3 Things To Do Before Accepting That Job

before you sign the contract

There is so much advice out there on how to get that job. However, what you do between the time you are offered that job, and when you accept it, can shape how successful you are.

Especially when you’re desperate to leave your current job, or the new offer is the perfect next step for you, it’s all too easy to jump without having taken very necessary steps first.

Here’s my simple three-step list of things to do before you accept any job offer.

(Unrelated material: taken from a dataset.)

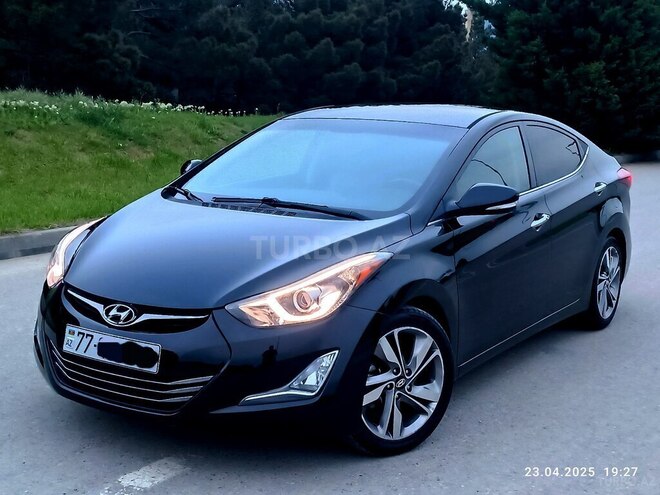 Hyundai Elantra 2015, 101,800 km - 1.8 l - Bakı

  1. Check the company out on Glassdoor. Glassdoor offers the chance for people to rate their own employers – though you have to keep in mind that those who want to do so probably have a bee in their bonnet. Regardless, it’s a good tool that will show you the worst in the company you could be working for. If they are inflexible about working times, have disorganised management or go through restructuring every year, it’s better to know before you sign on the dotted line.
  2. Research average salaries. Glassdoor has a feature that allows you to do this, but you may want to compare against other websites, such as Indeed. 99% of the time you will be able to negotiate the salary, even if the exact salary was listed in the job description. Women are particularly bad at doing this – we don’t want to seem unlikable and difficult. However, if the average person doing your job is getting paid more, then you need to ask for more. It’s as simple as that. Also, just as an aside, when applying for jobs I never give details of my current salary, as what my worth is to my current boss should not have any relation to the worth I have to my next boss.
  3. Read the contract. You may be thinking that this is an obvious thing to do, but how many people can say that they actually have read their work contract thoroughly? There may be things hidden in there that would greatly affect your working life – for example, in one contract I signed it said that if I handed in my notice I wouldn’t be able to claim commission for that month. It meant that I missed out on an extra £500 the month that I left. Other things to look out for are things like rules on intellectual property. This is important for me, as I write online (and hopefully soon books) about things relating to my work. I wouldn’t want anyone preventing me from doing these things.


I’d love to know how many you do these three steps during your job hunting and accepting process! If you think I’ve missed anything out, do let me know in the comments.


  1. Most jobs in the US don’t have a contract- there’s an offer letter, sure, but the terms are usually not legally binding in the same way they are in other parts of the world. Up until my stint in Germany, I had no idea that employment contracts were such a big deal!

    • Charlotte says

      ARE YOU KIDDING ME? How do you know what’s expected of you, or that your company will grant you in return for work?

      • We do get an offer letter, and that typically spells out your salary and core set of paid benefits, health insurance, PTO, and so forth. What I mean is that the work is not *contractual,* it’s usually at-will, and can be severed by either the employer or the employee at any time.

        I heard once of a guy in Germany who signed an employment contract and then quit before his starting date, and was then sued by the company for violating the contract. Something like that would simply not happen in the US, because the notion of an employment *contract* is just not commonly done.

        • Charlotte says

          I guess that’s why you don’t have any notice period either, right?
          I can’t believe you don’t have work contracts there.

          • Yes- the thing you hear about giving two week’s notice is a custom and a courtesy, but there’s no legal reasoning behind it.

            For what it’s worth, I enjoyed working in Germany more for just that reason- I never worried in Germany that I would be fired for calling in sick. That sort of thing is all to common in the US. We’re among the worst in the civilized world for worker protections. (And don’t get me started on health care, maternity leave, and so forth.)